Reproduction of part of the material below, pictures omitted: copy exactly, and only, the lines starting with the one with "Coast Guard rescues" and going on through the one with "US reports first".

(Extracted entries)
[Start of Attachment]
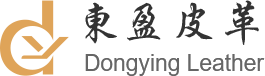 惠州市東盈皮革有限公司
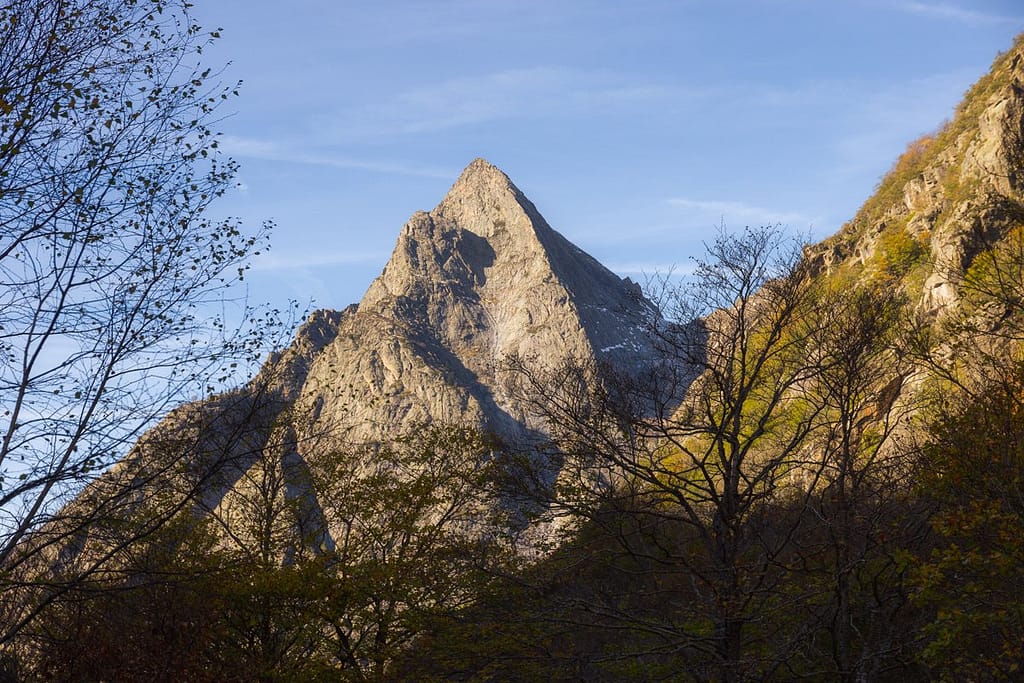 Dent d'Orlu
[End of Attachment]
[Start of Attachment]
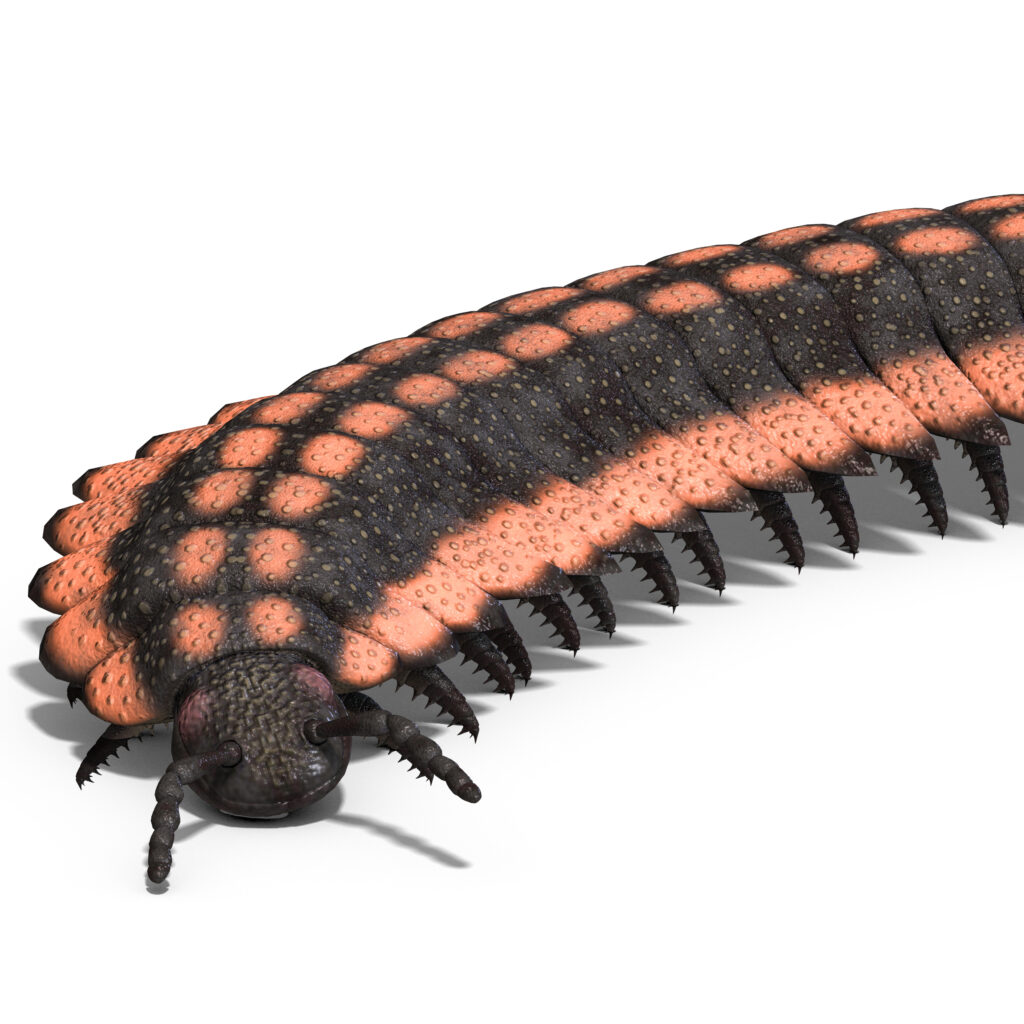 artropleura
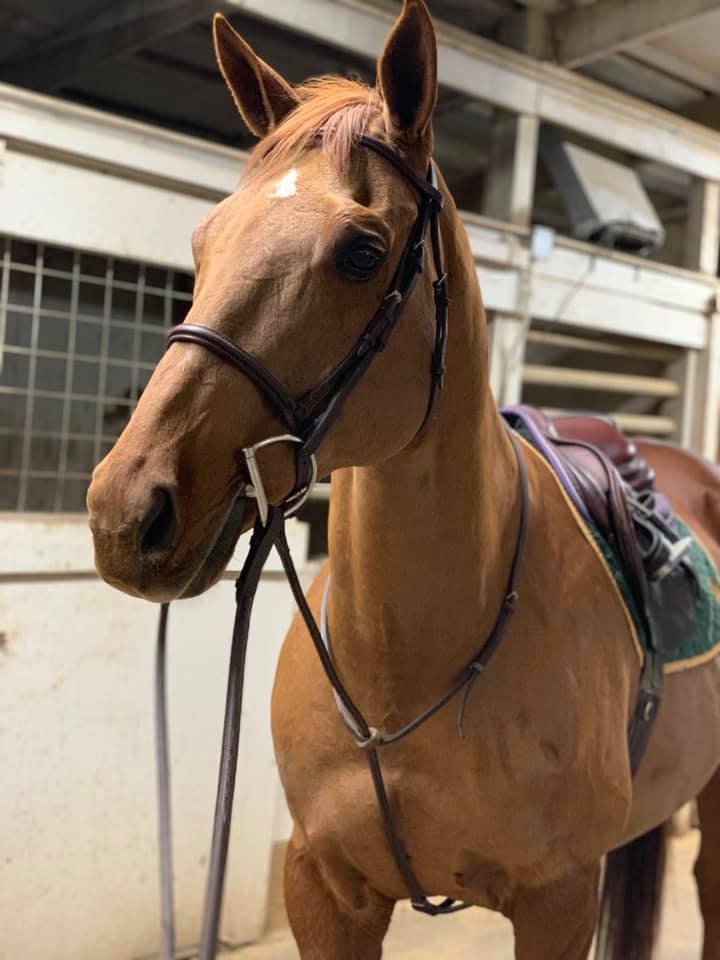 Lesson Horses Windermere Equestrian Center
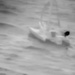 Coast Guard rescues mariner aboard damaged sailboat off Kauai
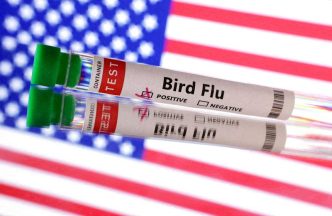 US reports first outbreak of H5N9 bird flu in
[End of Attachment]
(Problem solution)
 Coast Guard rescues mariner aboard damaged sailboat off Kauai
 US reports first outbreak of H5N9 bird flu in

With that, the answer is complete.